As reflexões aqui são um ensaio de expansão do pensamento, não um saber absoluto. O intuito é transmitir um efeito/causa que desperte o corpo para o movimento do pensar o que não está em harmonia, interna e externa, do sujeito contemporâneo.


quinta-feira, 15 de setembro de 2016

O RECONHECER E A CLÍNICA PSICANALÍTICA

Em busca de viver novas experiências com o objeto desejado, o reconhecer torna-se uma tarefa árdua, por trazer à reflexão de que nada se sabe daquele objeto de ontem, que hoje já não é mais o mesmo e será outro no amanhã. Deste modo, a convivência com o objeto desejado, não garante ao sujeito saber sobre ele. Assim, a capacidade de tolerar a frustração passa a ser indispensável, para que o sujeito possa reconhecer que nada se sabe do objeto que se deseja, o que não impede de amá-lo e continuar desejando.

A capacidade de se aproximar todos os dias, de forma diferente, pelo mesmo objeto que se deseja, faz conexão com a função do desejo de contribuir para o movimento do sujeito em busca de viver novas experiências com o Outro. O papel desempenhado pela intensidade do gozo depende da disposição do sujeito em desejar. Não se pensa aqui o desejo direcionado, mas o desejo que tem como proposito o movimento.

Enquanto o desejo for fonte de movimento do sujeito, dará ferramentas para transformar o desejo em sua vida, impulsionando-o na busca de viver novas experiências no contato com o Outro, com o mundo externo.

A frustração, deste modo, é essencial nessa tarefa árdua e fantástica que envolve o sentir e o pensar. As experiências sucedidas só se sustentam por meio da memória, essa última é seletiva e traiçoeira em potencial, invalidando assim sua fidedignidade com a realidade dos fatos, por se fundir ao conteúdo impensado da mente.

Na perspectiva de Wilfred R. Bion (1967), a capacidade negativa é condição fundamental na tarefa do recolhimento de si mesmo no desenvolvimento saudável da mente, que possibilita ao indivíduo se ligar ao outro através do sentir, visto que na clínica psicanalítica será impossível ser por outro meio. 

De acordo com o autor, o reconhecer da dupla analítica, no setting terapêutico, muitas vezes pode não se configurar numa mudança catastrófica, que é essencial para o ato analítico. A mudança nomeada catastrófica é nada menos que a passagem de K (saber) para O (realidade última), em que a partir do reconhecimento do vínculo de 1+1 tenta construir ao iniciar a análise.

Não podemos deixar de esclarecer que a psicanálise está para todos, mas nem todos estão para psicanálise. Por demandar uma energia interna do sujeito, e a resistência inconsciente muitas vezes interrompe o processo analítico por apresentar certo desconforto à frustração. Uma vez expandida à psique humana, não há possibilidades de volta.

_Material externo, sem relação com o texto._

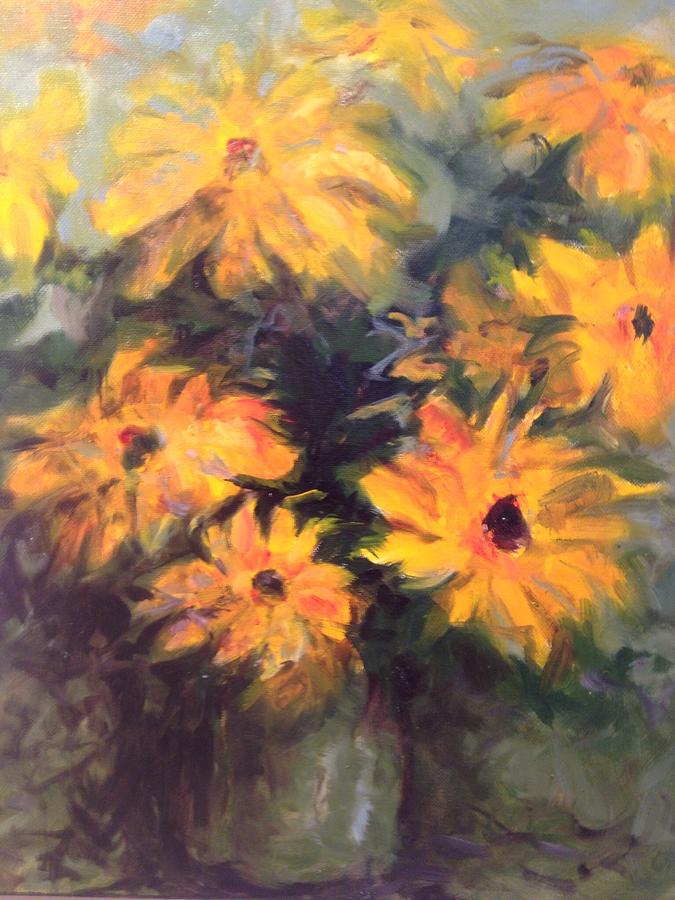 Yellow Flowers Painting by Karen Carmean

É aqui que entramos na perspectiva de que o sujeito terá que lidar com o desconforto que a dor traz e encontrar meios de transformar esse sintoma em uma causa que movimenta o desejo pela existência, vida. 

Mas é importante salientar que o processo para que o sujeito encontre esse “meio” é através do ambiente suficientemente bom que o analista oferece à ele, visto que a verdade sem amor é crueldade, o que impossibilita a expansão da mente do analisando, na tentativa de continuar caminhando e transformando seus sintomas em causa que leve-o ao conhecer-se a si mesmo. 

Portanto, o reconhecimento em análise é essencial na tarefa de expansão da mente, de possibilidade do sujeito transformar suas questões interna com amor e respeito ao seu sofrer.